L'achat d'actions ou obligations sera interdit pendant six mois, a indiqué à l'AFP le directeur des investissements responsables, Sasja Beslik.
"Nous pensons que cette action ou ce manque d'action de la part de la direction est scandaleuse. C'est un manque de jugement en termes de stratégie, mais c'est aussi très coûteux d'un point de vue financier", a-t-il déclaré.
Le constructeur allemand, numéro un mondial de l'automobile, avait admis mardi avoir équipé 11 millions de ses véhicules dans le monde d'un logiciel de trucage aux tests antipollution découvert aux États-Unis.
Nordea, qui dit détenir environ deux milliards de couronnes suédoises (un peu plus de 200 millions d'euros) d'actions et obligations Volkswagen, n'a pas donné expressément la consigne de vendre.

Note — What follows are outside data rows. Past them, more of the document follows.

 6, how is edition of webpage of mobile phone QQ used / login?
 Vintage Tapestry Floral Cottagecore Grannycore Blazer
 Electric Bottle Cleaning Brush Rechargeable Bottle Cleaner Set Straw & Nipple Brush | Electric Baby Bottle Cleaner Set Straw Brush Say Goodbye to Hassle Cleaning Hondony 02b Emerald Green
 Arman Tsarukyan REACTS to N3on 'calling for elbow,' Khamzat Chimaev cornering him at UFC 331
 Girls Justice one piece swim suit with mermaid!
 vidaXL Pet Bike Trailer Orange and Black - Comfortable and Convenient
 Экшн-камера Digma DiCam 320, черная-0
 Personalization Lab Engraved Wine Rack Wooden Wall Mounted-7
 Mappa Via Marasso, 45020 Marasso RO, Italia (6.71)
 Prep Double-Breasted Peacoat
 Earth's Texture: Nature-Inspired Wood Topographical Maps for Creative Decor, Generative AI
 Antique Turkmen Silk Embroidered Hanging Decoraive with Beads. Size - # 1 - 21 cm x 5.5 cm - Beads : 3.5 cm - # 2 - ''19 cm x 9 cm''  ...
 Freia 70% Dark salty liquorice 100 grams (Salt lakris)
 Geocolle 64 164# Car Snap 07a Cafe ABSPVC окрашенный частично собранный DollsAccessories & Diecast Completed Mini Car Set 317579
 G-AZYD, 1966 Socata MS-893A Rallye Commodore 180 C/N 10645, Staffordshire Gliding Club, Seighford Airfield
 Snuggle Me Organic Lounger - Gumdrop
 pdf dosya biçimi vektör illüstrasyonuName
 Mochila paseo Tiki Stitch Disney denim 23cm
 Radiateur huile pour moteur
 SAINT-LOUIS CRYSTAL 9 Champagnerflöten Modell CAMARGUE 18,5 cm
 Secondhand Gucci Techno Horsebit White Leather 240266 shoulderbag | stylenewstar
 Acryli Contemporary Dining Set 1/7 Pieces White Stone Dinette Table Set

"Nous ne vendrons pas notre participation parce qu'elle est une manière d'avoir une influence sur la direction. Et nous pourrions participer à une plainte en nom collectif", a expliqué M. Beslik.
"Nous envoyons un message clair pour dire que c'est inacceptable", a-t-il ajouté.
"Nous évaluons tous les investissements sous une perspective à la fois financière, environnementale et sociale. C'est un cas d'école de la façon dont on peut contrevenir à la confiance et l'honnêteté", a-t-il déclaré au quotidien économique Dagens Industri.
Si Nordea, en tant qu'actionnaire, se montre très critique envers le groupe, il est plus mesuré quant aux effets de cette crise sur l'économie allemande. "J'ai du mal à imaginer que le scandale VW frappera l'économie dans son ensemble", a écrit sur Twitter un économiste de la banque, Holger Sandte.
Nordea, banque considérée comme "d'importance systémique", gère environ deux milliards d'euros d'actifs dans le monde.